But if we allow ourselves to re-imagine this day, we might see that Tu Bishvat has the greatest potential as a modern holiday not just for Jews, but for the whole world. You might say that Tu Bishvat is the original Earth Day, the day on which we remember God's Creation and our relationship with it. As such, this could be the Jewish holiday that ultimately transcends Judaism to lift up the whole world.
After all, the growing threats of climate change, the lack of adequate water and food for all of humanity, and the abuse of the natural resources with which God has provided us are problems that require global efforts, far beyond the capabilities of individuals. In remembering the trees on their "birthday" (as my daughter has been taught to call it), we should recall that although change begins at home, it must step outside and join hands with all of the other interlocked pieces of this planet.

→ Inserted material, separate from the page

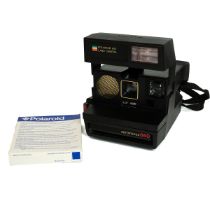 Various vintage cameras and accessories to include Kodak Brownie, Praktica FX, Polaroid, Olympus ...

Tu Bishvat falls tomorrow, Wednesday, February 8. It's an opportunity for the Jewish world to remind the wider world that the only way to ensure that our great-grandchildren can appreciate the Earth in the same way that we can is if we all act, if we all garner the will to change our damaging behaviors. The potential for this day to call us all to task is great; let us take up that challenge with vigor.
So when you step outside tomorrow and see a tree, state these words aloud:
מָה רַבּוּ מַעֲשיךָ ה'. כֻּלָּם בְּחָכְמָה עָשיתָ. מָלְאָה הָאָרֶץ קִנְיָנֶךָ
Mah rabu ma'asekha Adonai; kulam behokhmah asita; male'ah ha'aretz qinyanekha.How manifold Your works, God; with wisdom You fashioned them all; The Earth abounds with Your creations. (Psalm 104:24)
And remember that we are all responsible not just for the trees, but for all the rest of what God has given us.